The next step of note with which Ralston was connected was that taken by the Fels Fund Commission, formed in 1907. This derived its creation from the action of Joseph Fels, who proposed to contribute $25,000 a year for the advancement of what had become known as the Single Tax, with the proviso that others should contribute a like amount. This continued in full force for five years. The five originally named to constitute what became known as the Fels Commission were Daniel Kiefer of Cincinnati, Frederick C. Howe, formerly of Cleveland, George A. Briggs, then of Elkhart, Indiana and now of Los Angeles, California, Lincoln Steffens, then of New York, and at the time of his death a resident of California, an4 Jackson H. Ralston, then of Washington, D. C., and now of California.



Later Ralston gave special attention to the possibility of framing an act of Congress designed to give effect to the ideas of the Single Tax. This was introduced into Congress by Congressman Nolan of San Francisco, attracted the vigorous opposition of the National Association of Real Estate Boards and received active support from the Merchants and Manufacturers Association of Chicago, of which Otto Cull-man was president. Later with a few changes it was reintroduced in the House of Representatives by Keller of Minnesota and still later by Moritz of Pennsylvania. The central idea of the bill was to levy a tax, not expressly upon land values, but upon the privilege of landholding (exclusive of improvements) valued in excess of $10,000. It relied upon the "general welfare" idea of the preamble to the Constitution. In a practical way nothing came of this, but it served useful propaganda purposes.

In 1930-1932 Frederick F. Ingram, who had been a prominent business man of Detroit, Michigan, established himself in San Diego, California, and organized and conducted what was known as the Ingram Institute. At his request Ralston wrote a little book entitled What's Wrong with Taxation? Many thousands of copies of this little book have been circulated.

In 1933 the State of California adopted a sales tax for the first time in its history. To Ralston this seemed an opportunity to open up the whole subject of taxation. Accordingly in 1934 he prepared an amendment to the State Constitution designed to repeal the sales tax and to substitute taxation upon land values. Because of a slight deficiency in the number of signatures required to submit an initiative proposal it failed to come before the electorate that year but the deficiency was supplied in time for its insertion on the ballot in 1936. However, the submission was challenged because of an alleged lack of full description of the proposal which headed each sheet of signatures after the first, and the Supreme Court of the State, by a divided vote, kept it off the ballot. Two years later a revised amendment was submitted to the people and defeated, although it received some 383,000 affirmative votes. A full discussion of the causes leading to this defeat appears in the columns of Land and Freedom for the latter months of 1942.

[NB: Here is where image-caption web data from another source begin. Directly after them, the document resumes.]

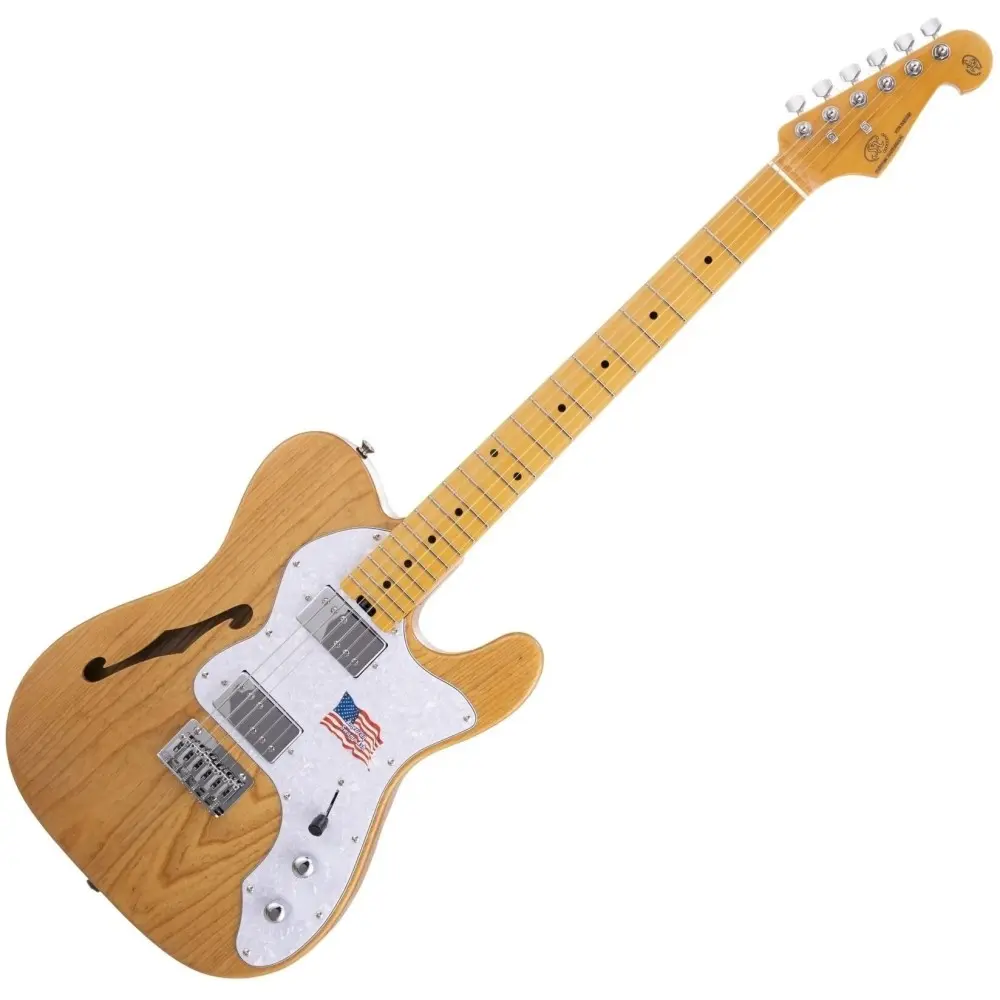Guitarra Electrica Telecaster Sx SEA2PH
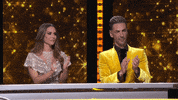 plessazvijezdama woman man clapping bravo GIF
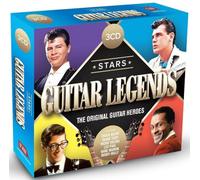 Various Artists - Stars-Guitar Legends [Import]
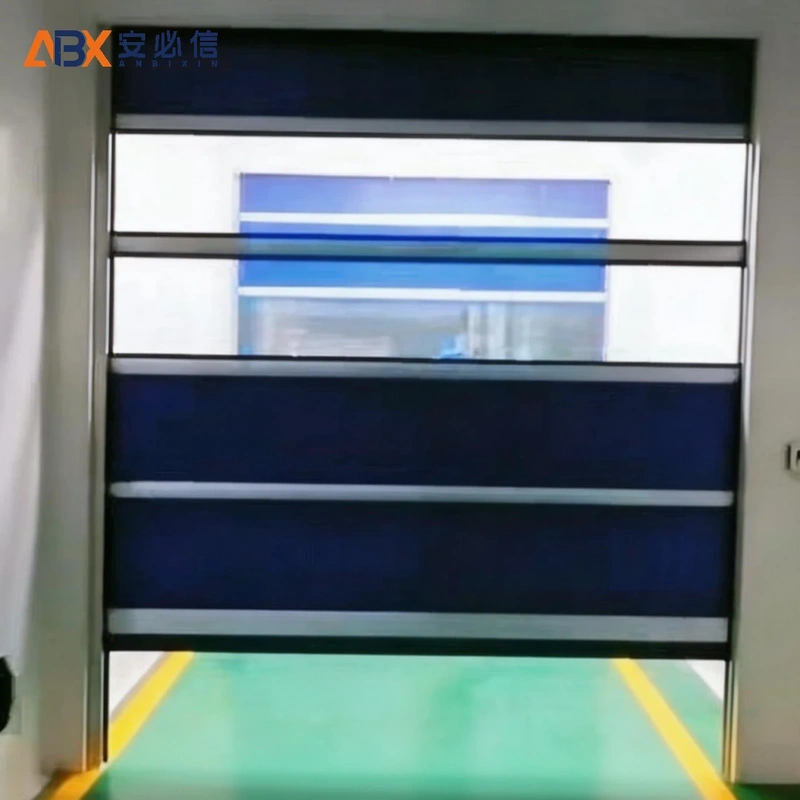 泰安市洁净快速门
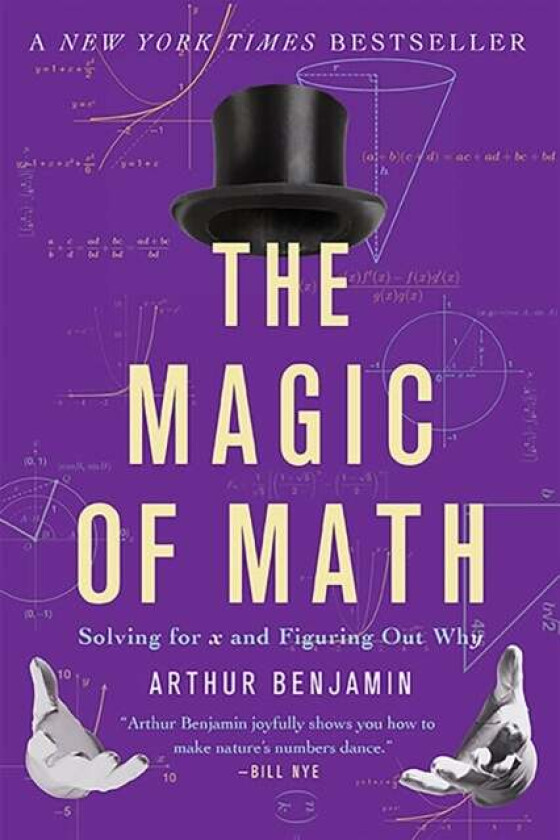 The Magic of Math av Arthur Benjamin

Aside from his association with the matters heretofore spoken of, Ralston was in 1902 the American agent having in charge the case of the Pious Fund of the Californias, United States vs. Mexico, the first dispute to come before the Hague Permanent Court of Arbitration, gaining a very substantial award. In 1903 he was at Caracas, named by the United States umpire of the Italian-Venezuelan Mixed Claims Commission, passing upon several hundred international cases, and in 1922 was American counsel in the Landreau matter, United States vs. Peru, before a commission sitting in London. Growing out of these and other international matters, he was author or editor of a number of reports and works on international law, of which the most important was Law and Procedure of International Tribunals published by the Stanford University Press in 1926. To this may be added Democracy's International Law (1922, and the same year translated into French and published in Paris) and A Quest for International Order (1941).